* **Stored data**:

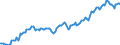 Indicator: Housing Inventory: Median: Listing Price in Leon County, FL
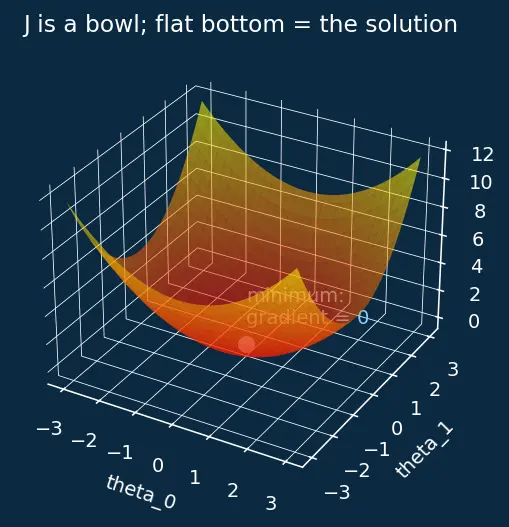 Figure — Normal equation closed-form solution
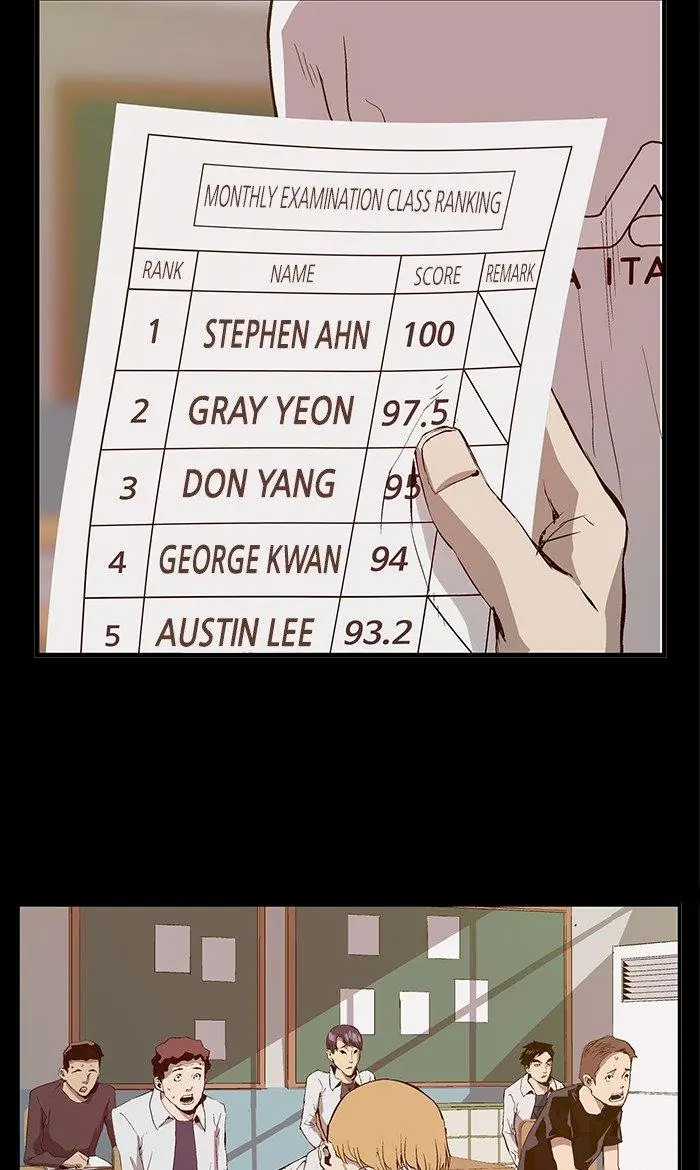 Weak Hero Chapter 32 Page 78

* **What is expected**:
Print once more, exactly, the lines from the one with "Figure — Normal" through the last line of the data, both ends included, without any pictures.

* **Answer space**:
 Figure — Normal equation closed-form solution
 Weak Hero Chapter 32 Page 78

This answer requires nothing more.